Celebrity Actors Smoking Part V
Here we have the fifth part of selected pictures with Hollywood Famous Actors smoking cigarettes. Enjoy the collection of photos with Celebrities Smoking Cigarettes.
1. Gerard Butler Smoking Cigarette
Celebrity Gerard Butler Smoking Winston XS Silver Cigarette
About Gerard Butler : Gerard James Butler (born 13 November 1969) is a Scottish actor who has appeared on film, stage, and television. A trained lawyer, Butler turned to acting in the mid-1990s with small roles in productions such as the James Bond film Tomorrow Never Dies (1997), which he followed with steady work on television, most notably in the American miniseries Attila (2001). He garnered critical acclaim for his breakthrough work as the lead in Joel Schumacher's 2004 film adaptation of the musical The Phantom of the Opera. In 2007, Butler gained worldwide recognition through his portrayal of King Leonidas in the film 300. Since then, he has appeared in projects including P.S. I Love You (2007), Nim's Island (2008), RocknRolla (2008), The Ugly Truth (2009), Gamer (2009), Law Abiding Citizen (2009), The Bounty Hunter (2010), and as a voice actor in How to Train Your Dragon (2010).
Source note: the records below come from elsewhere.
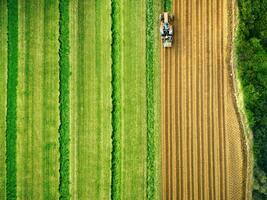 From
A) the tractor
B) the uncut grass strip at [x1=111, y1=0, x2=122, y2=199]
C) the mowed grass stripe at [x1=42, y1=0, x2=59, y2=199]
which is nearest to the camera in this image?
the tractor

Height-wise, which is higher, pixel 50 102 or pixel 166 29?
pixel 166 29

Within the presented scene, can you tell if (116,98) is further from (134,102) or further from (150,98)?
(150,98)

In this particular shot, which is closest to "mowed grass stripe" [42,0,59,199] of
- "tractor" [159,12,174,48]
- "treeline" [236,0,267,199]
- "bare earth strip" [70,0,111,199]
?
"bare earth strip" [70,0,111,199]

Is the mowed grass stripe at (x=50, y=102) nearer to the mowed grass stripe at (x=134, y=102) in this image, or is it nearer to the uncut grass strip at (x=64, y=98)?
the uncut grass strip at (x=64, y=98)

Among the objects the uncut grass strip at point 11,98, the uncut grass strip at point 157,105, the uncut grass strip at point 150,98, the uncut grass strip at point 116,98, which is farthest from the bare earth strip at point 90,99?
the uncut grass strip at point 11,98

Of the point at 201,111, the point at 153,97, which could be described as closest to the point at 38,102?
the point at 153,97

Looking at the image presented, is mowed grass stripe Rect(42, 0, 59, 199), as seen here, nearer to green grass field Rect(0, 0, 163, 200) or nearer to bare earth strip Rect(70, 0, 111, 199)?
green grass field Rect(0, 0, 163, 200) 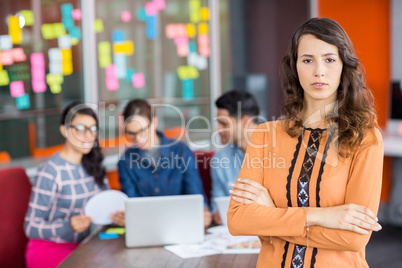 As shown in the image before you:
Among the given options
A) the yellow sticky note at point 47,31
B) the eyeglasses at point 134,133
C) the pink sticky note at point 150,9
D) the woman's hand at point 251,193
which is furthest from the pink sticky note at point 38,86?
the woman's hand at point 251,193

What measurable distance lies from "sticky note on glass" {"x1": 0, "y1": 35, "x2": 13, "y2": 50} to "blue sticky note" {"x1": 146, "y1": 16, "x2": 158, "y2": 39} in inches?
125

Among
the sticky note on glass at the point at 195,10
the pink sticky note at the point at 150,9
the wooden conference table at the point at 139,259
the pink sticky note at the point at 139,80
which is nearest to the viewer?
the wooden conference table at the point at 139,259

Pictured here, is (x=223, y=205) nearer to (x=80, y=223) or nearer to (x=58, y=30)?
(x=80, y=223)

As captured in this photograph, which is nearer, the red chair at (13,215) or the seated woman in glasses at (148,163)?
the red chair at (13,215)

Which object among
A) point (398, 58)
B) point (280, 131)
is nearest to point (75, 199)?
point (280, 131)

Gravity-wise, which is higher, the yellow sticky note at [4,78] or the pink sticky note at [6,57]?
the pink sticky note at [6,57]

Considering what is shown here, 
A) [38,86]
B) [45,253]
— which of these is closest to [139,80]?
[38,86]

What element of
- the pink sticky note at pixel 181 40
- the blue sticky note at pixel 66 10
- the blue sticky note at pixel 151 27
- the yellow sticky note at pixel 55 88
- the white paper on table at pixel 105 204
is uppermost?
the blue sticky note at pixel 151 27

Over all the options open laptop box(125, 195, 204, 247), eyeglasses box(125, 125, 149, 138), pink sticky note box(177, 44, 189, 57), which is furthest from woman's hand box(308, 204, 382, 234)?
pink sticky note box(177, 44, 189, 57)

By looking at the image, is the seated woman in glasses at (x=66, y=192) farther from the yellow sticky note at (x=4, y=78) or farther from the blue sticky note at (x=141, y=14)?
the blue sticky note at (x=141, y=14)

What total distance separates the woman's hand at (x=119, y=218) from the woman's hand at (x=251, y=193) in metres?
1.00

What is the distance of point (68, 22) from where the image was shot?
5.01m

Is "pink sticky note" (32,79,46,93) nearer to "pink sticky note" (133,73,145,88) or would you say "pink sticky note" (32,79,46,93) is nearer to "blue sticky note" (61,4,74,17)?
"blue sticky note" (61,4,74,17)

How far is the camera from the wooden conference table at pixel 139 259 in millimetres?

Butler was born in Paisley, Scotland, the youngest of three children of Margaret and Edward Butler, a bookmaker. Of Irish descent, he was brought up in a strict Roman Catholic family. Butler spent the first few years of his life in Montreal, Quebec, before the family returned to live in Scotland. Butler regularly attended Celtic Park as a supporter but has found that moving to Hollywood can be a problem when trying to keep up with the results.
2. Heath Ledger Smoking Cigarette
Celebrity Heath Ledger Smoking Winston Super Slims Blue Cigarette
About Heath Ledger : Heath Andrew Ledger (4 April 1979 – 22 January 2008) was an Australian television and film actor. After performing roles in Australian television and film during the 1990s, Ledger moved to the United States in 1998 to develop his film career. His work encompassed nineteen films, including 10 Things I Hate About You (1999), The Patriot (2000), Monster's Ball (2001), A Knight's Tale (2001), Brokeback Mountain (2005), and The Dark Knight (2008). In addition to acting, he produced and directed music videos and aspired to be a film director.
For his portrayal of Ennis Del Mar in Brokeback Mountain, Ledger won the 2005 New York Film Critics Circle Award for Best Actor and the 2006 "Best Actor" award from the Australian Film Institute and was nominated for the 2005 Academy Award for Best Actor as well as the 2006 BAFTA Award for Best Actor in a Leading Role. Posthumously he shared the 2007 Independent Spirit Robert Altman Award with the rest of the ensemble cast, the director, and the casting director for the film I'm Not There, which was inspired by the life and songs of American singer-songwriter Bob Dylan. In the film, Ledger portrayed a fictional actor named Robbie Clark, one of six characters embodying aspects of Dylan's life and persona. Ledger received numerous accolades for his critically acclaimed portrayal of the Joker in The Dark Knight, including the Academy Award for Best Supporting Actor, a Best Actor International Award at the 2008 Australian Film Institute Awards, for which he became the first actor to win an award posthumously, the 2008 Los Angeles Film Critics Association Award for Best Supporting Actor, the 2009 Golden Globe Award for Best Supporting Actor and the 2009 BAFTA Award for Best Supporting Actor.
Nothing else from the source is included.